Because the Sunday event was free, the owner of the bike was not paying for the two or three people working for almost two hours on his soluble but time-consuming problem. Thus we sidestepped the overhead paradox. The cost was borne by the volunteers working for free. I did get some food and social credit for it, and I was happy to help keep a worthy old bike on the road, but I would starve to death if I did it all the time.

Used bikes can be great if you know what you're looking at. Prices fluctuate depending on demand. A seller who knows what they have, dealing with a buyer who accurately assesses the bike's value, are liable to settle on a higher price than if a generic scavenger just sells it as "a bike" to some random rube. But even then, the buyer might be a hard chiseler who doesn't know the value, but is determined to hold down the price, or a knowledgeable enthusiast who is also determined to hold down the price. Or the generic scavenger might have an inflated idea of the price, aided by a time in which used bike prices are running high, like in the demand surge of 2020.

The overhead paradox affects modern stuff as well. We had a jammed 11-speed pod shifter that I might have unjammed, given enough time, but a new pod cost less than my time. New shifter pods for seven speeds and up cost about as much as we charge to open up an old pod and clean out the congealed grease, which is usually all that is wrong with them. But the procedure takes longer than yanking the old pod off and slapping in a new one, so when the shop is buried it's a better option if we have the part in stock. The unfortunate consequence is that a fixable shifter pod goes to the landfill. The small businesses at the bottom of the economy end up bearing the major responsibility for stemming the avalanche of waste getting dumped into the environment. The bicycle industry doesn't support the activity of bicycling, it supports itself. Bicycling is just a side effect.

For the moment, we're too dumb to quit trying to fix things that people want fixed, but upper management can no longer ignore the mounting costs. We have no handy off-site magician like my friend in Orlando, but we can't afford to be that magician as much as we used to.

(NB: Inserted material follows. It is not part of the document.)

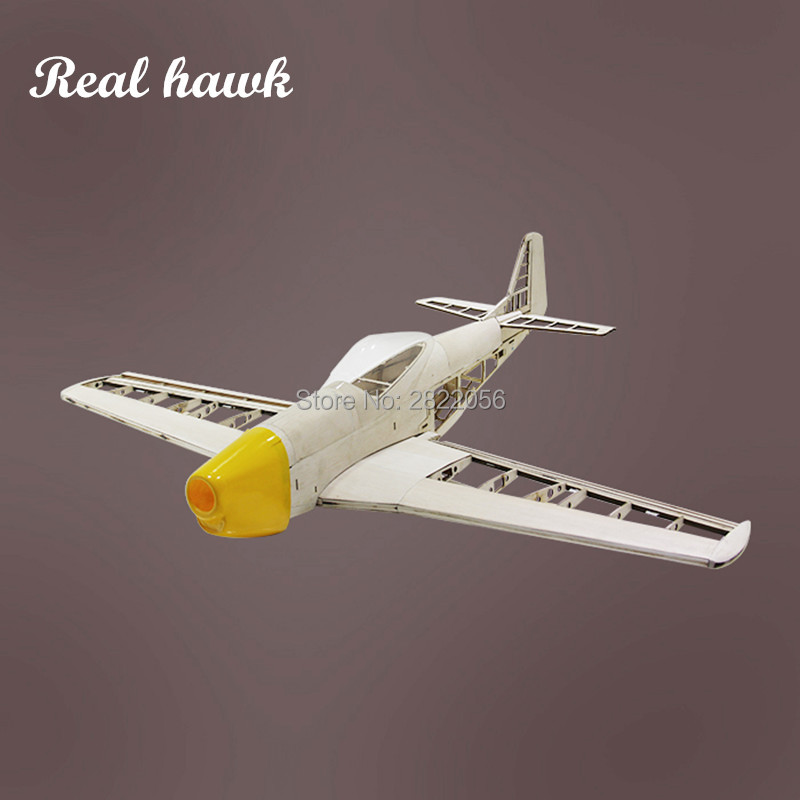 RC Flugzeuge Laser DIY Bausatz – Drone Rc Jet Bewertung und Preis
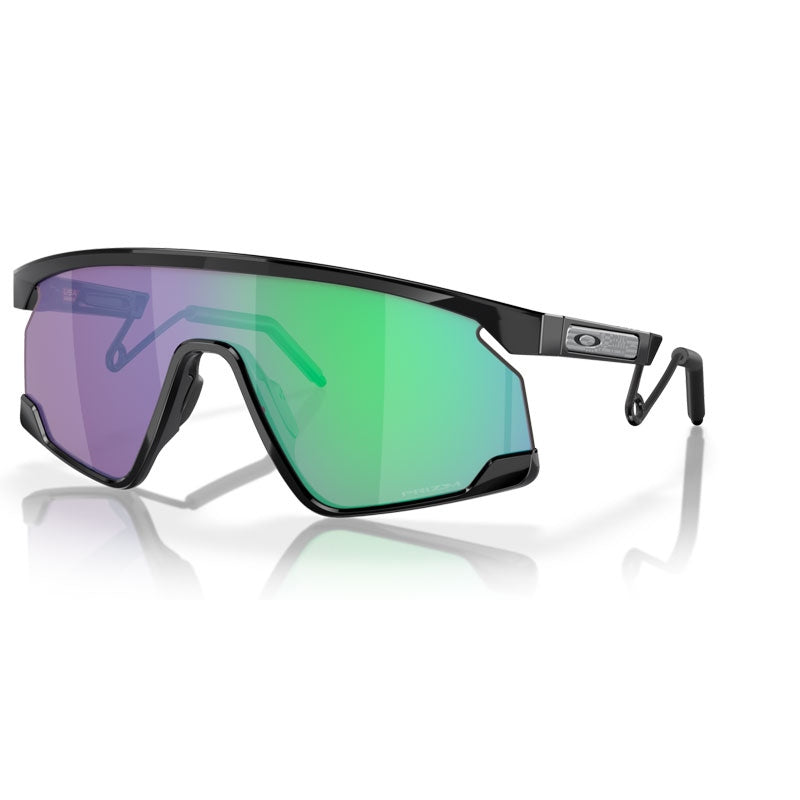 Oakley Sunglasses, Model: 0OO9237 Colour: 07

I have a lot of tools at my own secret headquarters, but the shop still has a few more tricks that I haven't invested in, and I don't want to burn too many of my days off doing what I do on my days on. I would much rather teach skills (and a jaundiced attitude toward tech-weenie bullshit) than be a servant to the willfully ignorant. The owner of the bike should make at least part of the journey with me. At the end of it, they should come out more independent than when they started. If I can learn this crap, anyone can, but knowing it does make you more valuable. No, any idiot can't just do it, but any regular person can learn it if they can bring themselves to focus on it. The citizen rider becomes the citizen mechanic and a freer person as a result.